Edebiyatın, sanatın, kültürün ve aktüel konuların konuşulduğu, şiirlerin okunduğu İLESAM imzalı bu etkinlik İLESAM Genel Başkanı Mehmet Nuri Parmaksız’ın yaptığı açılış konuşmasıyla başladı.

Görüntünün olası içeriği: 1 kişi

Parmaksız “Geçtiğimiz günlerde T.C. Kültür ve Turizm Bakanlığı Telif Hakları Genel Müdürlüğü tarafından İstanbul'da gerçekleştirilen Dijital Hak İhlalleri ile Mücadele ve Uygulamaya ilişkin düzenlenen Çalıştay’a katıldım. İLESAM, meslek birlikleri ve eser sahipleri için 5846 sayılı yasa değişince -zaman içinde- güzel gelişmeler olacağını düşünüyorum. Alınan kararların arasında meslek birliklerinin tek çatı altında toplanması da var. Yirmiyi aşkın meslek birliği var. Ortak Lisanslama Birliği adı altında bir araya taşınması; kısaca bu yapının bütünlük arz eden bir hale getirilmesine çalışılıyor. Eğer kanun yürürlükten geçerse bütün fotokopi merkezleri lisanslandırılacak. YÖK’e bağlı üniversitelerdeki fotokopi merkezlerinden de öğrenci sayısına göre lisans bedeli ödenmesi istenecek. Bu kaçınılmaz bir son. Avrupa’da da böyle. Yazarlar, devlet kütüphanelerinden alınan kitaplar için bile telif alabilecek. Copy-right konusunda da gelişmeler var. Cep telefonları üzerinden copy-right vergisi ödenmesi söz konusu. Dijital ağ bu şekilde genişleyecek. Bizler yaklaşık 7-8 yıldır bu konuyla mücadele halindeyiz. Ben, bu konudaki görüşmelere başladım. Bilindiği gibi tv.lerle yaptığımız anlaşmalarımız da var. Bu noktada üyelerimizin hak kaybına uğramalarını istemiyoruz. Lisanslama konusu elbette kolay olmayacak. Bu süreci birlikte izleyeceğiz.

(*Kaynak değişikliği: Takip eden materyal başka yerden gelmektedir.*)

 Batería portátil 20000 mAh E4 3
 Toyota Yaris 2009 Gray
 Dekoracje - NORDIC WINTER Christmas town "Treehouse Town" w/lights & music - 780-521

Kanun çıkarsa Olağanüstü Genel Kurula gideceğiz. Her isteyen aday olabilir. Tabii ki aday olacak kişilerin telif hakları konusundaki tüm mevzuata sahip olmaları gerekir çünkü iş aday olmakla bitmez; asıl o noktada başlar iyi bir yönetici olabilmek.

Bizler asli kuruluş amacımızla ilgili çalışmalarımıza son hızla devam ederken çok aşağılarda bir hizmet de olsa bünyemizde kültür ve sanat etkinliklerine de yer vermeye çalışıyoruz; üstelik de bunu dar bir bütçe ile gerçekleştirmeye çabalıyoruz.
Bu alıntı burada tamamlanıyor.